On New Year’s Eve, we received a tarot reading, and we were told the coming year would bring a great abundance. An abundance of what? Judging from our ever-growing to-read pile, we can only assume the cards meant “books,” because there are quite a few coming our way in 2019. On the fiction front, we’re looking forward to new work from reliable favorites like Marlon James, Colson Whitehead, Miriam Toews, and Margaret Atwood—in the latter’s sequel to her dystopian classic The Handmaid’s Tale—and debut novels from a number of up-and-coming authors. The nonfiction spread is just as rich, with a biography of L.A.’s original “It Girl,” a joint memoir from our favorite Canadian twin sister pop stars, and New Yorker writer Jia Tolentino’s first full-length book. As publishers finalize their calendars for later in the year, the list is bound to lengthen. From a manifesto by one of the country’s leading socialists to Atwood’s return, 2019 is shaping up to be another stellar year for powerful, timely literature.
Hollywood’s Eve: Eve Babitz And The Secret History Of L.A. by Lili Anolik (January 8, Scribner)
NYRB Classics recently reissued two collections of writing from Eve Babitz, one of ’70s L.A.’s cultural mainstays and a terrific writer and observer of human behavior. Hollywood’s Eve makes the argument that Babitz’s life and times deserve to be immortalized every bit as much as her fiction. Lili Anolik, expanding to book length her 2014 Vanity Fair profile that helped reawaken public interest in Babitz’s work, delivers all the aspects of Babitz that made an iconoclastic It Girl before that was a thing. She knew everyone who was anyone, slept with a good percentage of them, and used the raw materials of her life for the thinly veiled biographical (and autobiographical) confessionals of Los Angeles and the damaged artistic folks who populated it. From Joan Didion to Harrison Ford to Steve Martin, the book is chockablock with stories both salacious and soulful, exactly the kind of poetically enticing account (with just the right amount of tawdry) Babitz herself delivered so sharply.
More in January: Sugar Run by Mesha Maren (January 8, Algonquin), Ghost Wall by Sarah Moss (January 8, Farrar, Straus & Giroux), The Banished Immortal: A Life Of Li Bai (Li Po) by Ha Jin (January 8, Pantheon), You Know You Want This: “Cat Person” And Other Stories by Kristen Roupenian (January 15, Gallery/Scout Press), Hark by Sam Lipsyte (January 15, Simon & Schuster), Adèle by Leila Slimani (January 15, Penguin), We Cast A Shadow by Maurice Carlos Ruffin (January 29, One World).
Black Leopard, Red Wolf by Marlon James (February 5, Riverhead)
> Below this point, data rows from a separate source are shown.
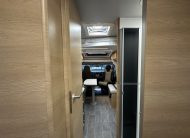 AUTOCARAVANA GIOTTILINE SIENA 397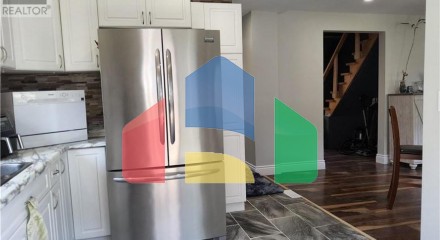 Residential - Single Family Home - Simcoe, Canada - Canada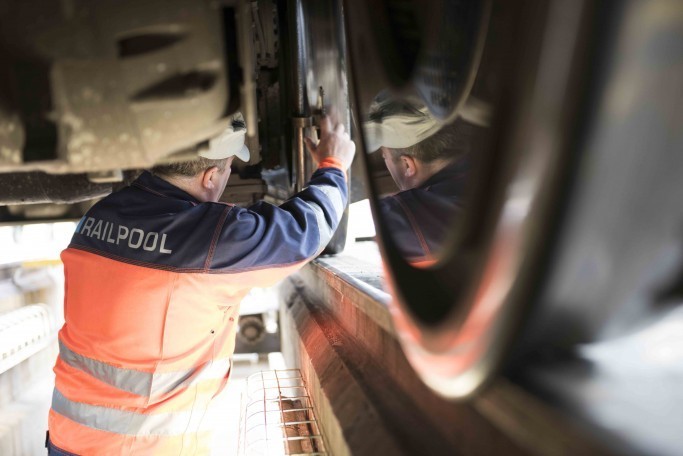 Mobiler Servicetechniker für E-Lokomotiven (m/w/d), 3. Bild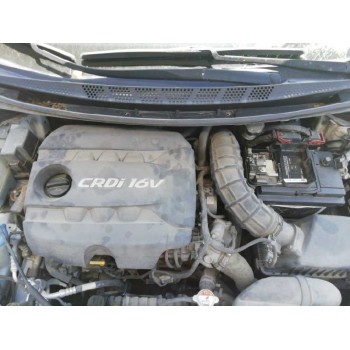 kia cee´d del año 2015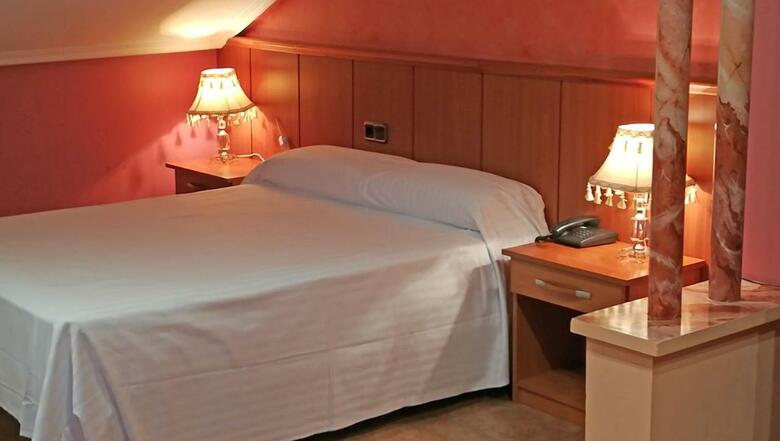 Hotel Real De Castilla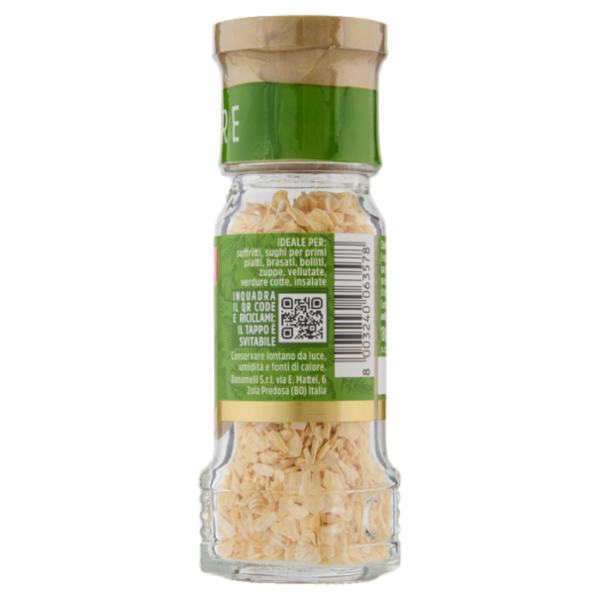 Cannamela Verdure Cipolla Pezzetti 18 g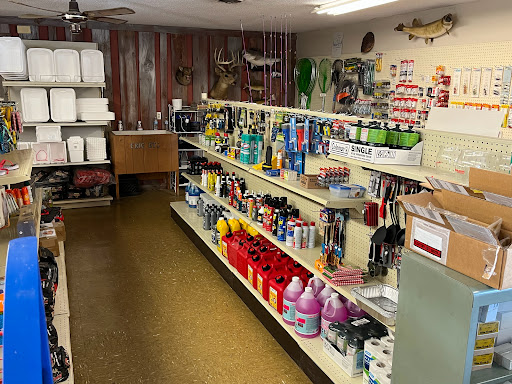 Parkside Marine & More C-Store Gallery - United States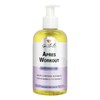 Aceite Corporal Botánico - Ga Tlali Apress Workout 250ml -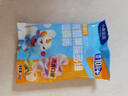 小鹿藍(lán)藍(lán)_有機(jī)蝴蝶面 寶寶輔食果蔬面條6月以上嬰兒食譜 蝴蝶面1盒 曬單實(shí)拍圖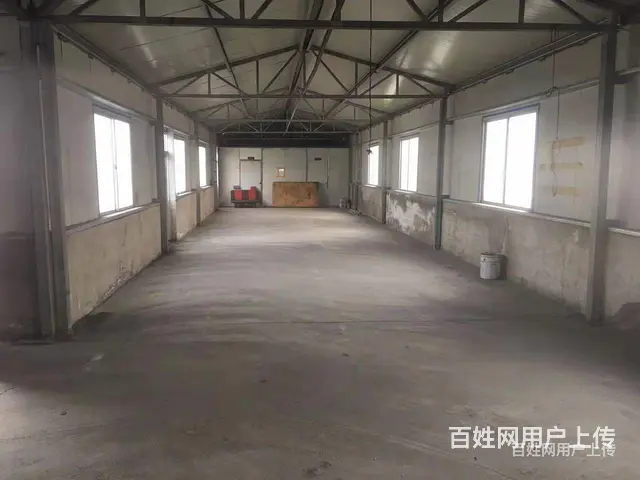 （新房源租金优惠）经区温泉独门独院厂房出租有530平800平 - 图片 9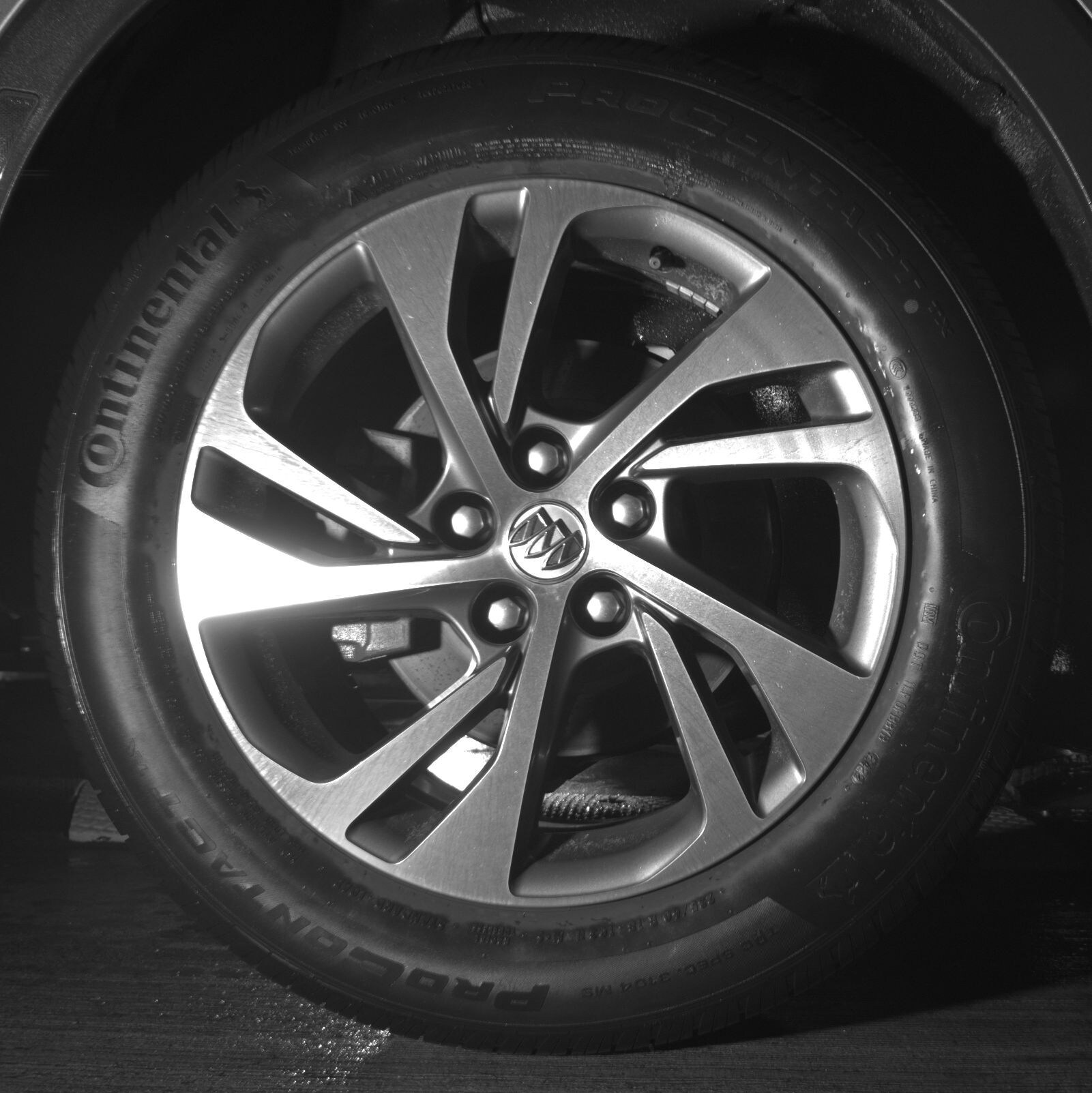 Thumbnail: 2023 Buick Envision - 12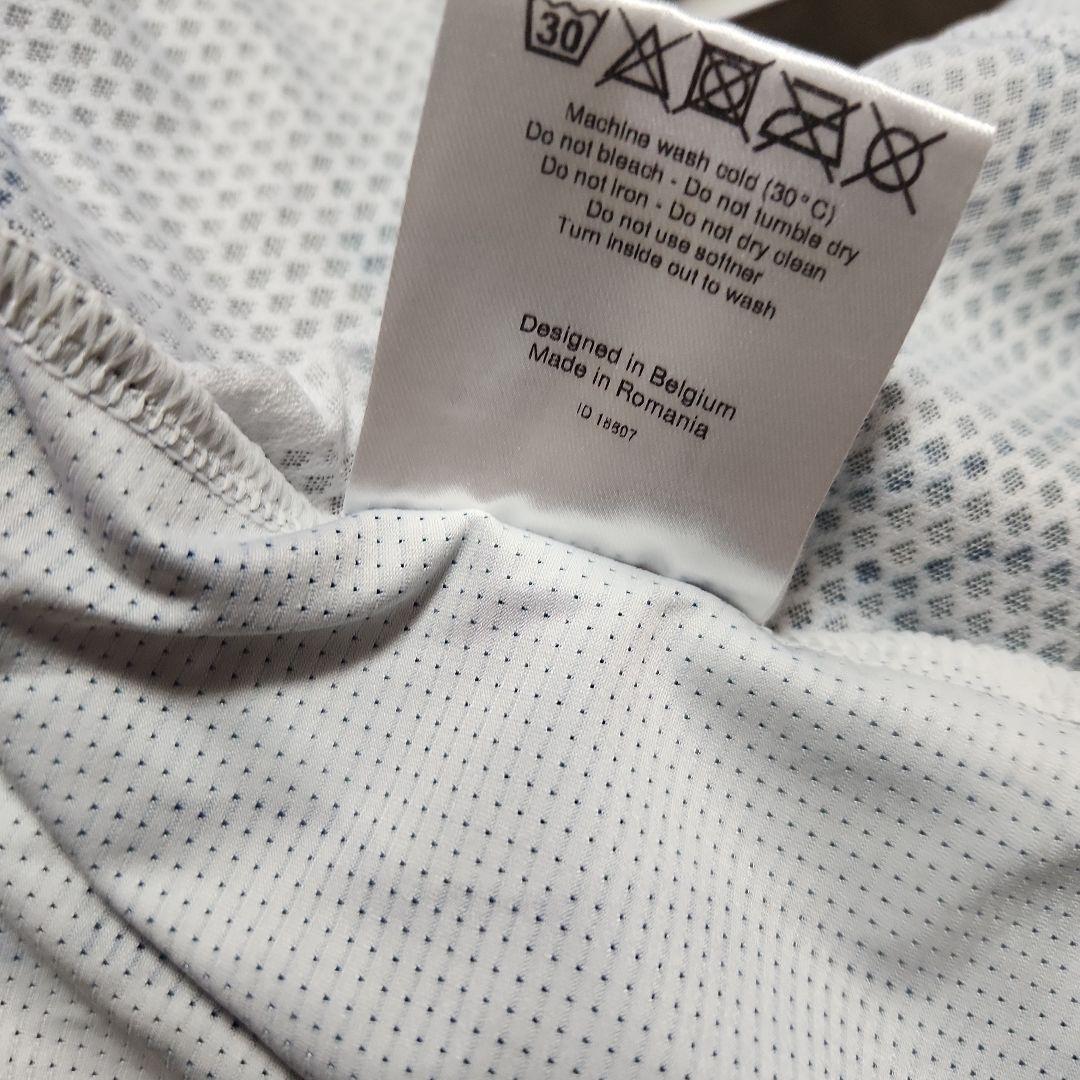 プロトンドパリ　Peloton de Paris　サイクルジャージ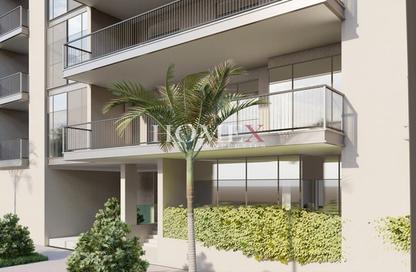 Apartment - 1 Bedroom - 1 Bathroom for sale in Asayel Avenue - Mirdif Hills - Mirdif - Dubai Apartment - 1 Bedroom - 1 Bathroom for sale in Asayel Avenue - Mirdif Hills - Mirdif - Dubai
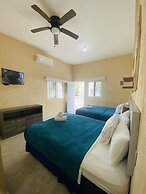 Casa Corona Holbox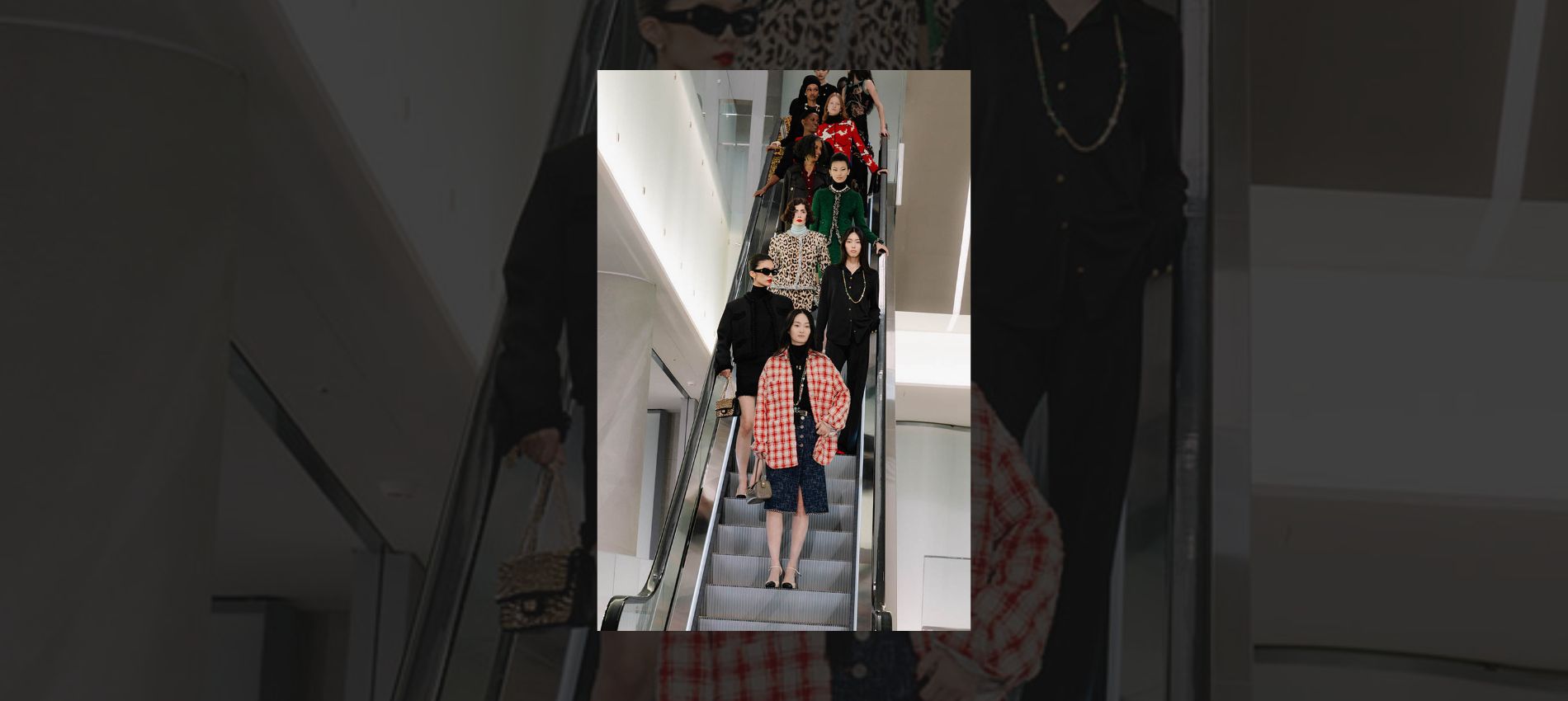 Global Luxury Meets Seoul Style: 5 Major Takeaways From Chanel’s Métiers d’Art Show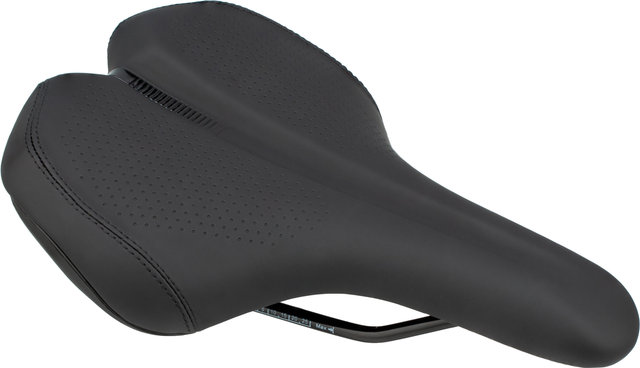 3min19sec Sport Sattel - schwarz/203 mm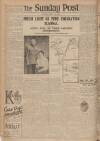 Sunday Post Sunday 15 May 1921 Page 12
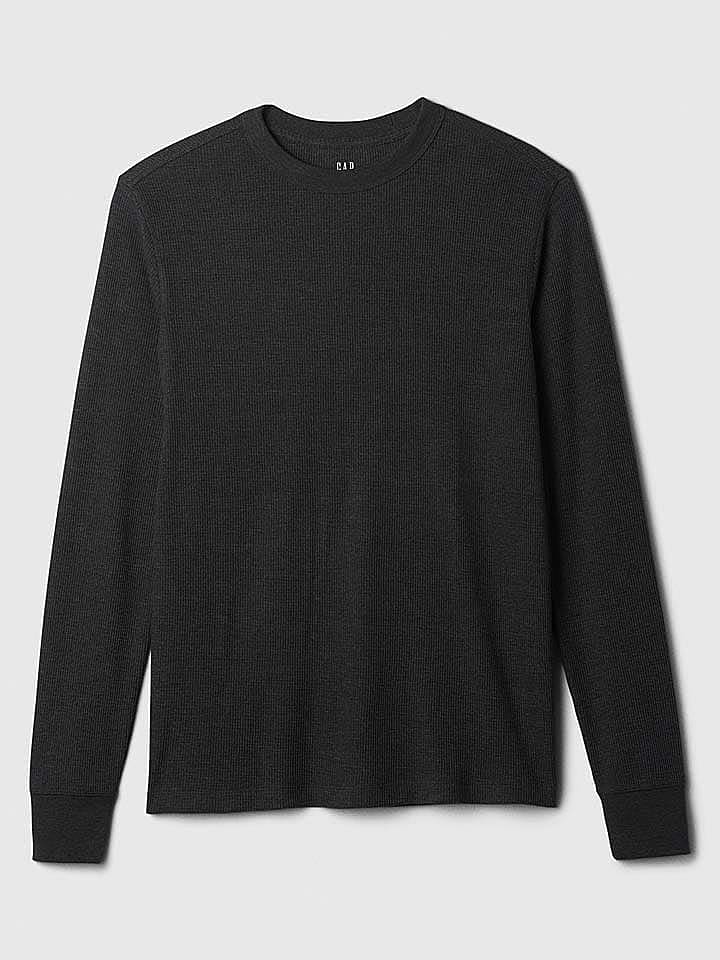 GAP Pullover in Anthrazit günstig kaufen XXL
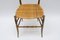 Chiavari Wooden Chair from Rocca, 1960s, Image 7
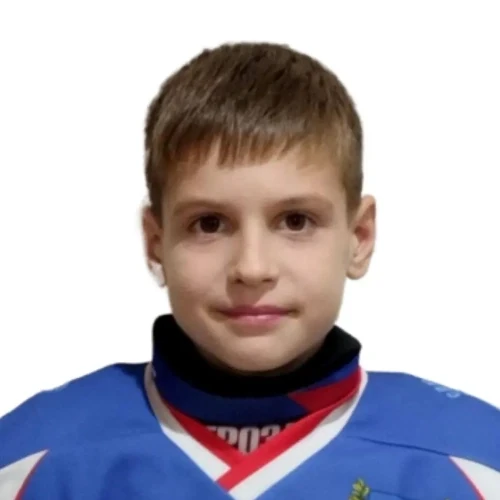 Baidalov Dmitrii Vitalevich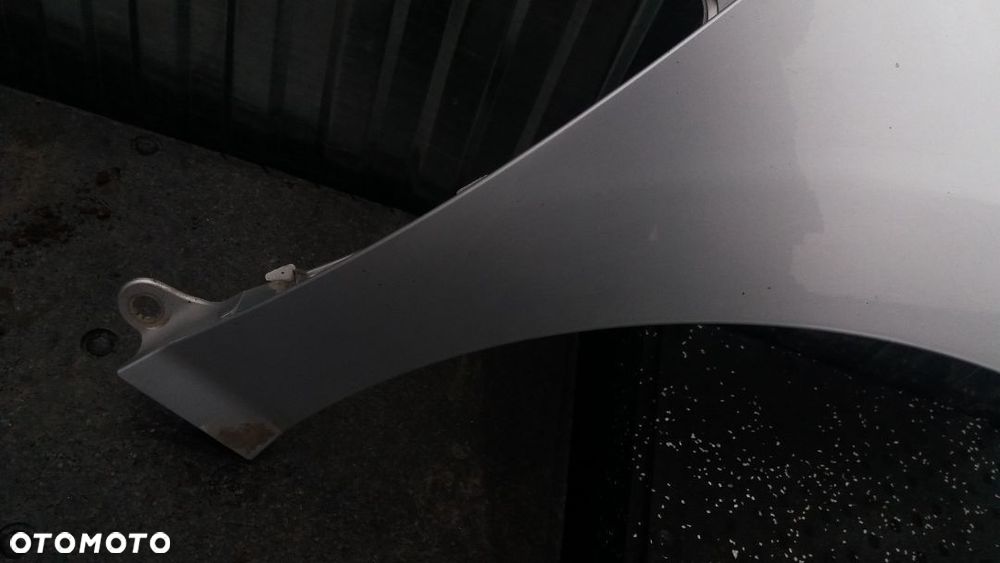 BŁOTNIK PRZÓD PRAWY PEUGEOT 307 EZRC - 3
Marlon James, the Man Booker Prize-winning author of A Brief History Of Seven Killings, turns to the world of fantasy with his fourth novel, Black Leopard, Red Wolf. Unlike his previous work, which rooted itself in the history of Jamaica’s turbulent past to deal with raw topics like slave revolts and religious violence, James fuses mythology and African history to invent an alternate reality in which a famed mercenary breaks with his own solitary habits to join the search for a lost boy, only to begin questioning the very nature of his mission as the danger grows with each step. James’ work has always had a magical, otherworldly air, even as he dealt with all-too-real incidents of tragedy and trauma. This new book, the first in a planned trilogy, will allow his potent imagination the freedom to create a new world and open the door for some exceptional and unusual storytelling.
Figuring by Maria Popova (February 5, Pantheon)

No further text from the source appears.